(AVAILABLE DATA)

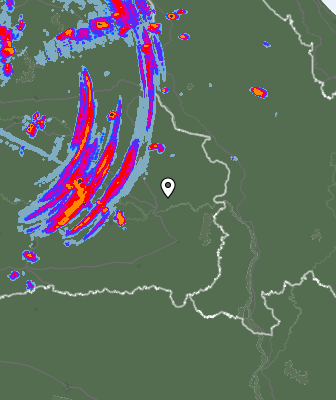 Ilmastiku radar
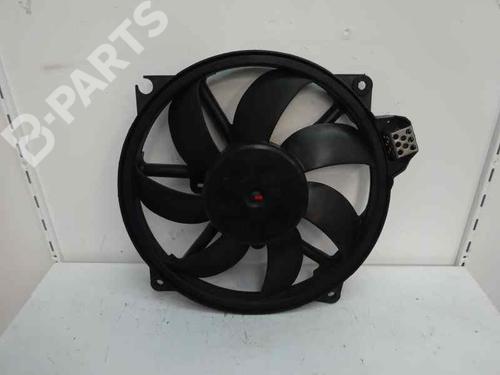 Used Radiator fan RENAULT MEGANE III Hatchback (BZ0/1_, B3_) [2008-2025]  6713712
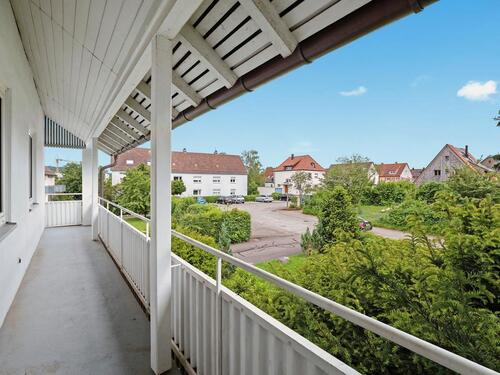 Foto - Etagenwohnung in Crailsheim zur Miete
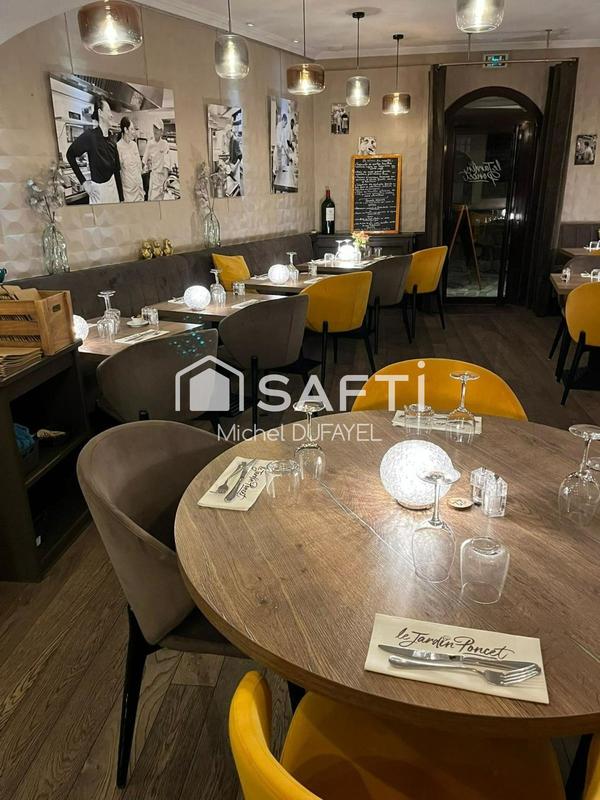 Local commercial - 250 m²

(End AVAILABLE DATA)

**WORK ITEM**
Return every line above exactly, omitting images.

**REPLY TO THE EXERCISE**
 Ilmastiku radar
 Used Radiator fan RENAULT MEGANE III Hatchback (BZ0/1_, B3_) [2008-2025]  6713712
 Foto - Etagenwohnung in Crailsheim zur Miete
 Local commercial - 250 m²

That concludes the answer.